AI solves nuclear fusion puzzle for near-limitless clean energy
Scientists have used artificial intelligence to overcome a huge challenge for producing near-limitless clean energy with nuclear fusion.
A team from Princeton University in the US figured out a way to use an AI model to predict and prevent instabilities with plasma during fusion reactions.
Nuclear fusion has been hailed as the “holy grail” of clean energy for its potential to produce vast amounts of energy without requiring any fossil fuels or leaving behind any hazardous waste.
The process mimics the same natural reactions that occur within the Sun, however harnessing nuclear fusion energy has proved immensely difficult.

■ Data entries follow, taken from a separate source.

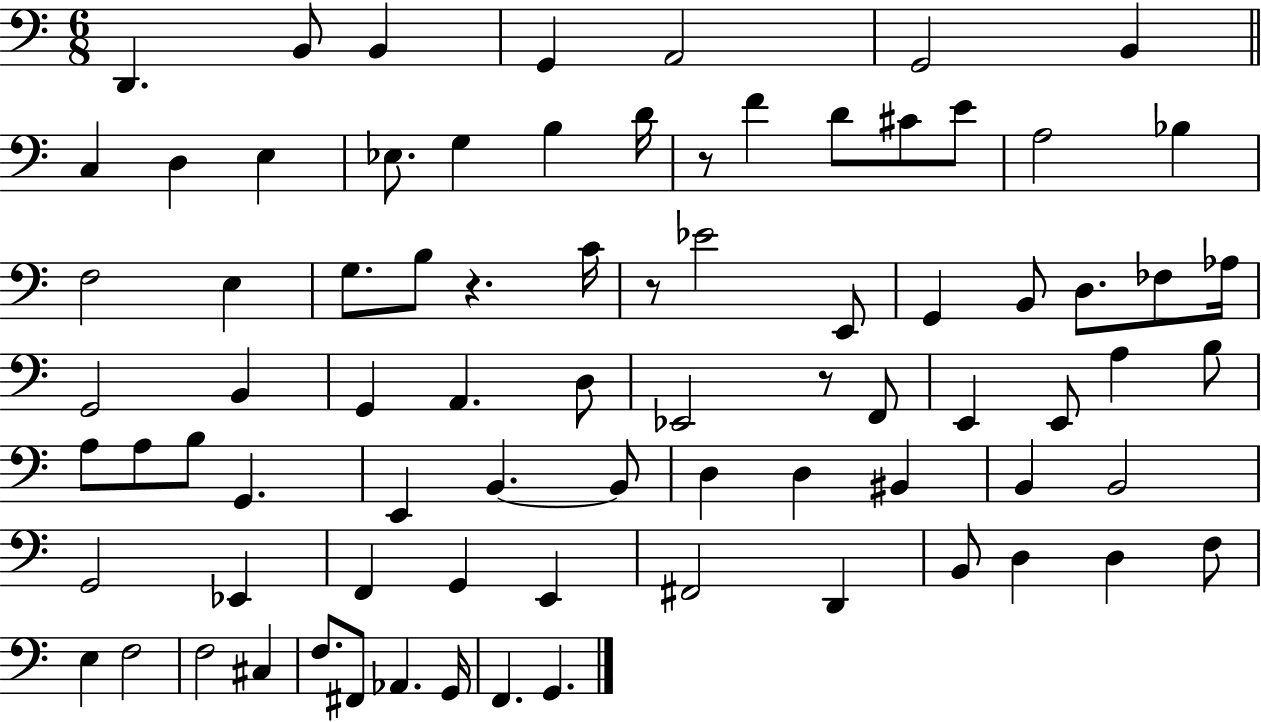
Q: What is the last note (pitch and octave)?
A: G2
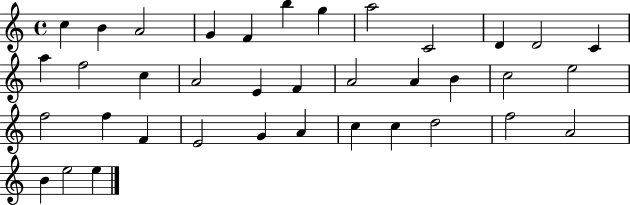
C5/q B4/q A4/h G4/q F4/q B5/q G5/q A5/h C4/h D4/q D4/h C4/q A5/q F5/h C5/q A4/h E4/q F4/q A4/h A4/q B4/q C5/h E5/h F5/h F5/q F4/q E4/h G4/q A4/q C5/q C5/q D5/h F5/h A4/h B4/q E5/h E5/q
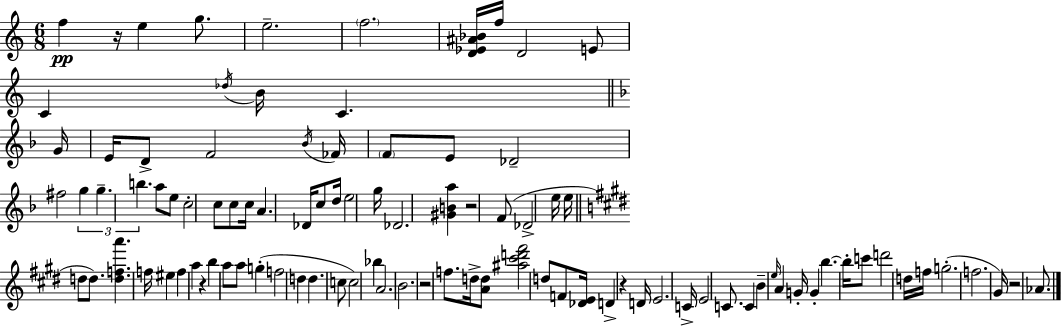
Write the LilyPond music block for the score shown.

{
  \clef treble
  \numericTimeSignature
  \time 6/8
  \key c \major
  f''4\pp r16 e''4 g''8. | e''2.-- | \parenthesize f''2. | <d' ees' ais' bes'>16 f''16 d'2 e'8 | \break c'4 \acciaccatura { des''16 } b'16 c'4. | \bar "||" \break \key d \minor g'16 e'16 d'8-> f'2 | \acciaccatura { bes'16 } fes'16 \parenthesize f'8 e'8 des'2-- | fis''2 \tuplet 3/2 { g''4 | g''4.-- b''4. } | \break a''8 e''8 c''2-. | c''8 c''8 c''16 a'4. | des'16 c''8 d''16 e''2 | g''16 des'2. | \break <gis' b' a''>4 r2 | f'8( des'2-> | e''16 e''16 \bar "||" \break \key e \major d''8 d''8.) <d'' f'' a'''>4. f''16 | eis''4 f''4 a''4 | r4 b''4 a''8 a''8 | g''4-.( f''2 | \break d''4 d''4. c''8 | c''2) bes''4 | a'2. | b'2. | \break r2 f''8. d''16-> | <a' d''>8 <ais'' cis''' d''' fis'''>2 d''8 | f'8 <des' e'>16 d'4-> r4 d'16 | e'2. | \break c'16-> e'2 c'8. | c'4 b'4-- \grace { e''16 } a'4 | g'16-. g'4-. b''4.~~ | b''16-. c'''8 d'''2 d''16 | \break f''16 g''2.-.( | f''2. | gis'16) r2 aes'8. | \bar "|."
}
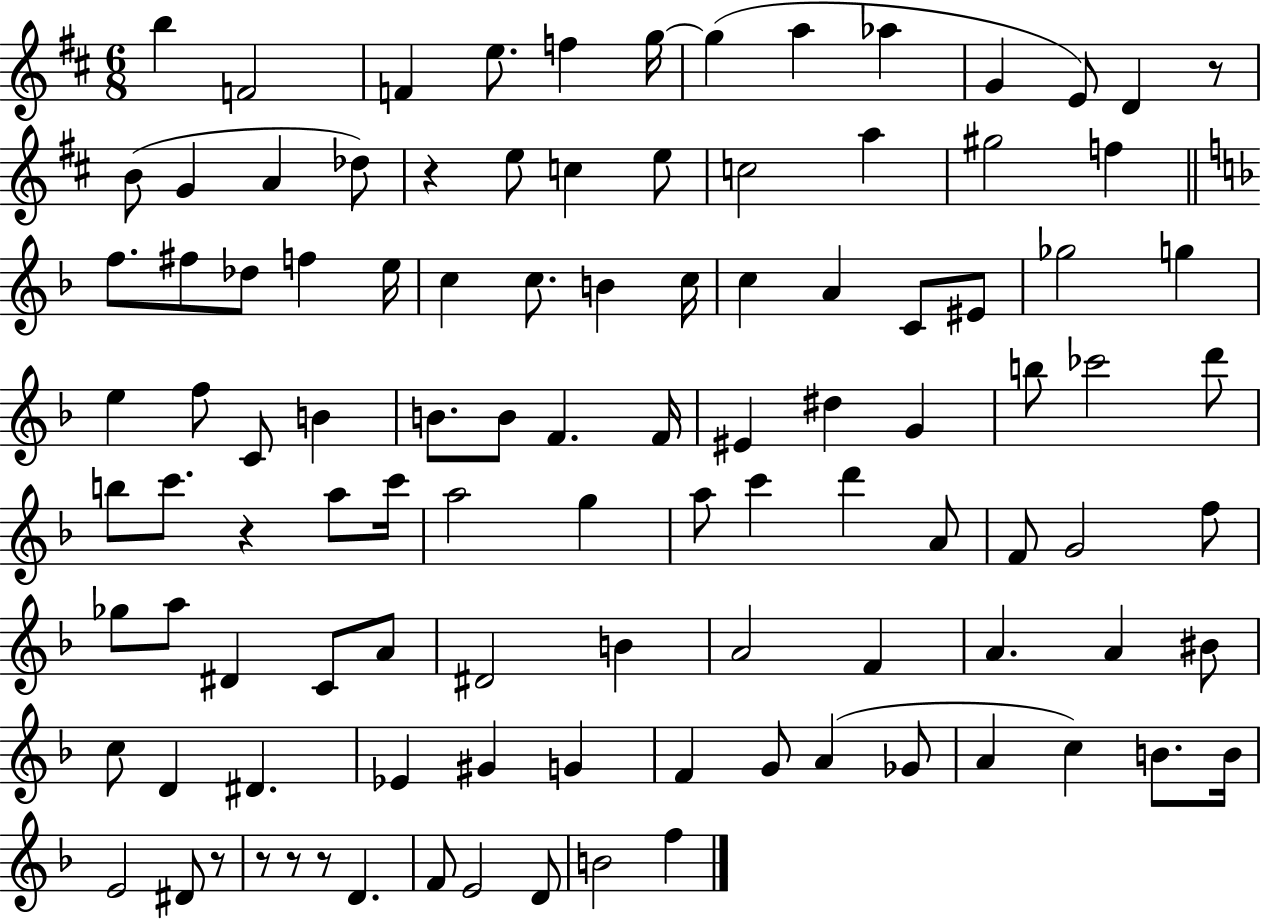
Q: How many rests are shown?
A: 7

In 2022, a team from the Lawrence Livermore National Laboratory in California achieved the first ever net energy gain with nuclear fusion, meaning they were able to produce more energy than was input for the reaction.
It was only a small amount – roughly enough to boil a kettle – but it represented a major milestone towards achieving it at scale.

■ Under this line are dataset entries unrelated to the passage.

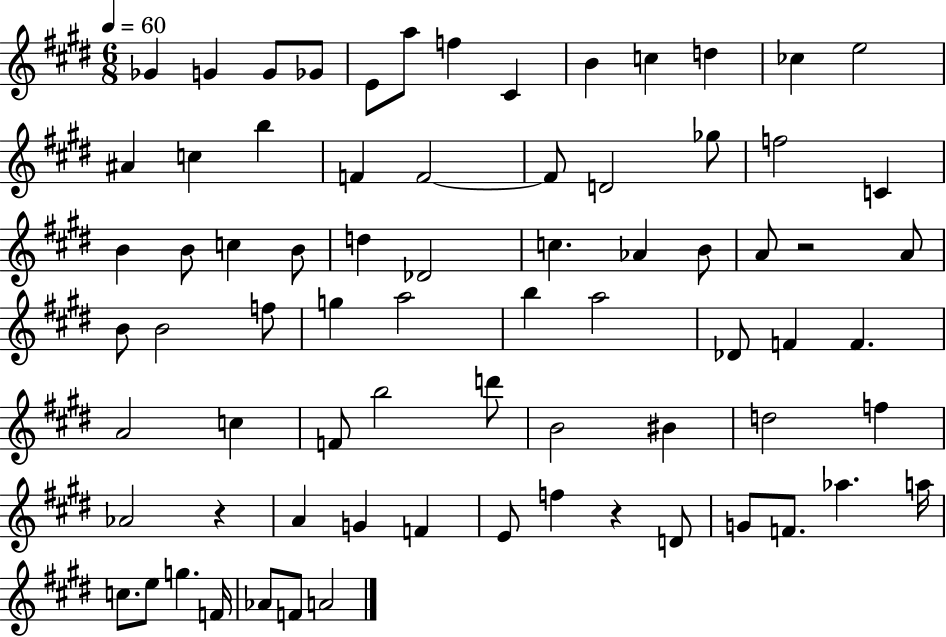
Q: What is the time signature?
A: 6/8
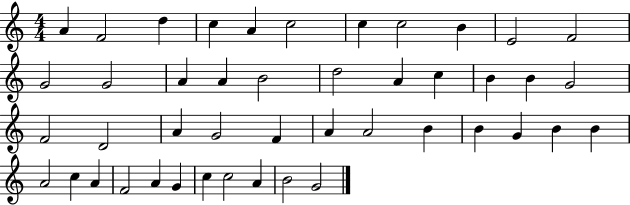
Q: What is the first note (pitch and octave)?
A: A4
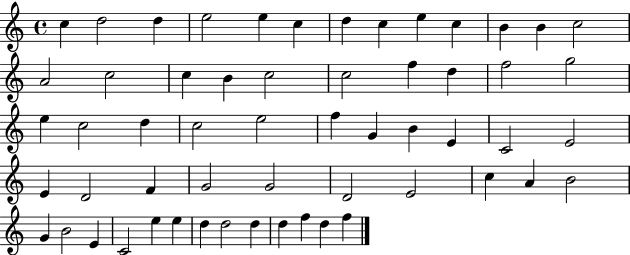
C5/q D5/h D5/q E5/h E5/q C5/q D5/q C5/q E5/q C5/q B4/q B4/q C5/h A4/h C5/h C5/q B4/q C5/h C5/h F5/q D5/q F5/h G5/h E5/q C5/h D5/q C5/h E5/h F5/q G4/q B4/q E4/q C4/h E4/h E4/q D4/h F4/q G4/h G4/h D4/h E4/h C5/q A4/q B4/h G4/q B4/h E4/q C4/h E5/q E5/q D5/q D5/h D5/q D5/q F5/q D5/q F5/q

The latest success means another significant obstacle has been passed, with the AI capable of recognising plasma instabilities 300 milliseconds before they happen – enough time to make modifications to keep the plasma under control.
The new understanding could lead to grid-scale adoption of nuclear fusion energy, according to the researchers.

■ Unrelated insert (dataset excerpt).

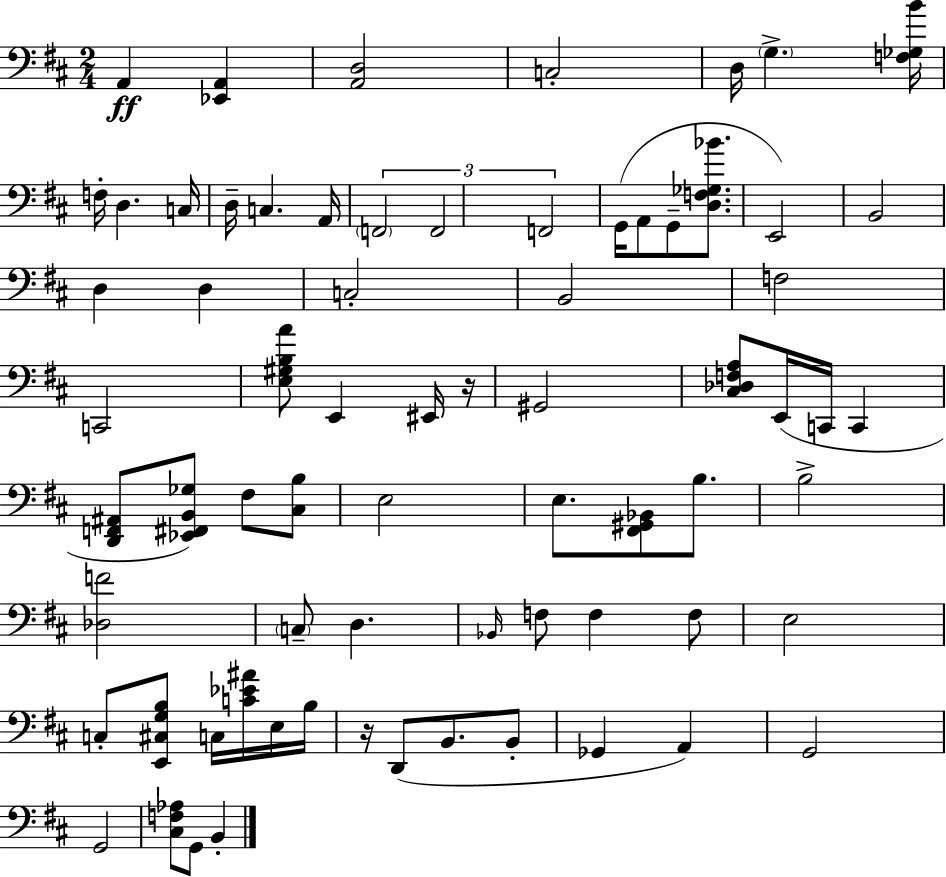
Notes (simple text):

A2/q [Eb2,A2]/q [A2,D3]/h C3/h D3/s G3/q. [F3,Gb3,B4]/s F3/s D3/q. C3/s D3/s C3/q. A2/s F2/h F2/h F2/h G2/s A2/e G2/e [D3,F3,Gb3,Bb4]/e. E2/h B2/h D3/q D3/q C3/h B2/h F3/h C2/h [E3,G#3,B3,A4]/e E2/q EIS2/s R/s G#2/h [C#3,Db3,F3,A3]/e E2/s C2/s C2/q [D2,F2,A#2]/e [Eb2,F#2,B2,Gb3]/e F#3/e [C#3,B3]/e E3/h E3/e. [F#2,G#2,Bb2]/e B3/e. B3/h [Db3,F4]/h C3/e D3/q. Bb2/s F3/e F3/q F3/e E3/h C3/e [E2,C#3,G3,B3]/e C3/s [C4,Eb4,A#4]/s E3/s B3/s R/s D2/e B2/e. B2/e Gb2/q A2/q G2/h G2/h [C#3,F3,Ab3]/e G2/e B2/q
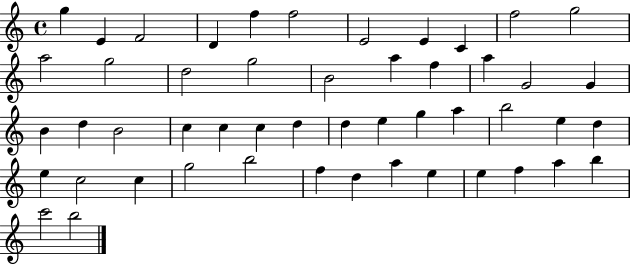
G5/q E4/q F4/h D4/q F5/q F5/h E4/h E4/q C4/q F5/h G5/h A5/h G5/h D5/h G5/h B4/h A5/q F5/q A5/q G4/h G4/q B4/q D5/q B4/h C5/q C5/q C5/q D5/q D5/q E5/q G5/q A5/q B5/h E5/q D5/q E5/q C5/h C5/q G5/h B5/h F5/q D5/q A5/q E5/q E5/q F5/q A5/q B5/q C6/h B5/h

“By learning from past experiments, rather than incorporating information from physics-based models, the AI could develop a final control policy that supported a stable, high-powered plasma regime in real time, at a real reactor,” said research leader Egemen Kolemen, who works as a physicist at the Princeton Plasma Physics Laboratory where the breakthrough was made.
The latest research was published in the scientific journal Nature on Wednesday in a paper titled ‘Avoiding fusion plasma tearing instability with deep reinforcement learning’.
“Being able to predict instabilities ahead of time can make it easier to run these reactions than current approaches, which are more passive,” said SanKyeun Kim, who co-authored the study.
“We no longer have to wait for the instabilities to occur and then take quick corrective action before the plasma becomes disrupted.”